In a rare show of unanimity, the justices stand behind the concept of one person, one vote.

A court that’s normally divided along ideological lines came together on a bedrock principle of voting rights. (Photo by Mark Wilson/Getty Images)

As the composition of the Supreme Court remains in flux following the death of one of its most outspoken justices and as the executive and legislative branches continue to battle over the timing of his replacement, the eight-member Court spoke in one voice today to affirm a bedrock democratic principle.

The case, Evenwel v. Abbott, upheld the longstanding principle of one-person one-vote and the practice of counting all persons in the drawing of state and local electoral districts across the nation. The majority of the court also robustly embraced the principle of a representational equality: “As the Framers of the Constitution and the Fourteenth Amendment comprehended, representatives serve all residents, not just those eligible to vote.”

The suit was brought by two white voters from rural districts in Texas to challenge the state’s use of total population when drawing its state legislative districts. The use of total population in state redistricting has been a nearly universal practice not only in Texas but in all 50 states and countless local jurisdictions across the country for well over 50 years. The challengers here sought to change that practice and replace it with a count of eligible voters, meaning only persons eligible to cast ballots would be counted for purposes of redistricting.

Ruth Bader Ginsburg

Ruth Bader Ginsburg (Getty Images)

The court unanimously upheld the decision of a three-judge federal trial court dismissing the challenge out of hand on the ground that it is not a legally viable claim.
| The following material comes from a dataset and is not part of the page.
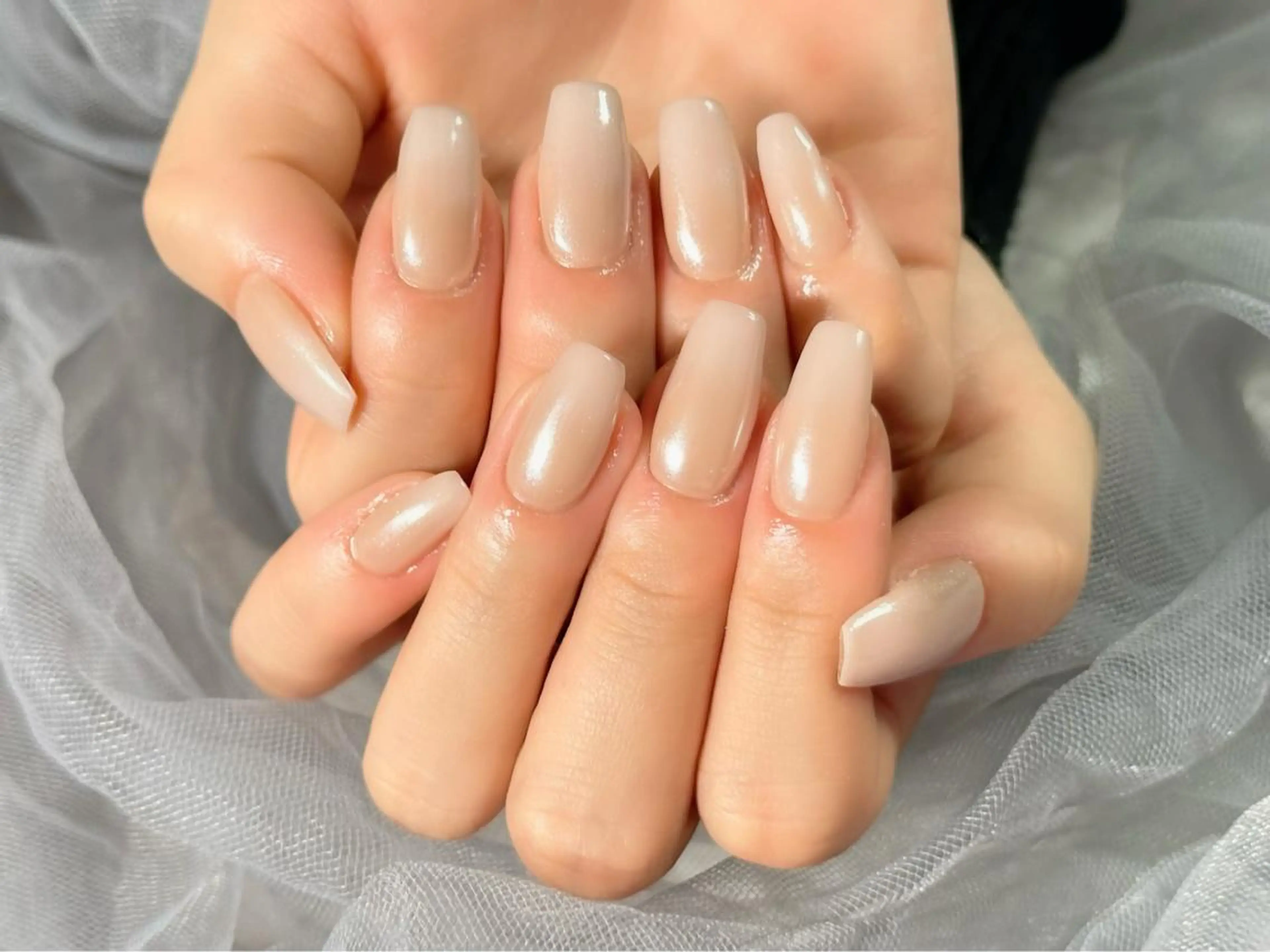 ネイル オーロラネイル シンプルネイル ハンドネイル Nail Salon KURELLYのネイルデザイン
Indeed, Justice Ruth Bader Ginsburg, who wrote the opinion for Court, stated, “the rule appellants urge has no mooring in the Equal Protection Clause” — the provision of the U.S. Constitution under which the challenge was brought.

In some ways, the opinion summoned the analytical method most commonly associated with the late Justice Antonin Scalia — originalism.

What this means for voters going forward is that the status quo that has worked for our democracy for more than half a century — counting all residents for redistricting — remains fully constitutional. States and smaller locales will continue to be able to count voters and non-voters alike to determine how many persons can populate an election district.

In some ways, the opinion summoned the analytical method most commonly associated with the late Justice Antonin Scalia — originalism. The opinion carefully and thoroughly set forth the historical and constitutional underpinnings of using total population, dating back to the Constitutional Conventions, quoting Alexander Hamilton and James Madison, among others.

Justice Clarence Thomas (TIM SLOAN/AFP/Getty Images)

Justice Clarence Thomas (TIM SLOAN/AFP/Getty Images)

This would help explain the unanimity on the Court and the agreement among its most conservative members — Justices Clarence Thomas and Samuel Alito — who each wrote a separate concurrence but also roundly embraced the ultimate conclusion of the Court that the Constitution permits total population count. Justice Alito, while disagreeing with some of the majority’s historical interpretation, even went so far as to acknowledge the perils of using alternative counting methods: “These [total population] statistics are more reliable and less subject to manipulation and dispute that statistics concerning eligible voters.”

This is an argument the NAACP Legal Defense and Educational Fund, Inc. made strenuously in its amicus brief in support of Texas. Forcing states to count only eligible voters would invite political gamesmanship and potential voter disenfranchisement because the rules for voter eligibility would also determine who is counted for redistricting and who is not. The principle of one person-one vote that the Court affirmed today is a direct result of such manipulation along racial lines that characterized the better part of the Nineteenth Century.

Indeed, the winner in today’s decision is not just the state of Texas, it is the millions of people who would have been counted out of representation.

Prior to seminal cases such as Gomillion v. Lightfoot and Reynolds v. Sims, and the passage of the Voting Rights Act 1965, states used a plethora of racially discriminatory tactics, such as electoral apportionment schemes, literacy tests, poll taxes, and outright disenfranchisement, to deny African-American political representation. The court today rejected an attempt to return to that shameful history in favor of more inclusive vision of democracy.

Indeed, the winner in today’s decision is not just the state of Texas, it is the millions of people who would have been counted out of representation. It is the 75 million children, 13 million of whom are black, who are not yet eligible to vote, but still deserve representation. It is the people living in urban areas, people on the path to citizenship, those not registered to vote — some due to racially discriminatory felon disfranchisement laws — who continue to have a seat at the table of our democracy. This re-affirmation of our commitment to an inclusive, representative democracy comes at a critical time as we begin to plan for decennial census count in fewer than four years as a more racially and ethnically diverse nation than ever before where everyone counts.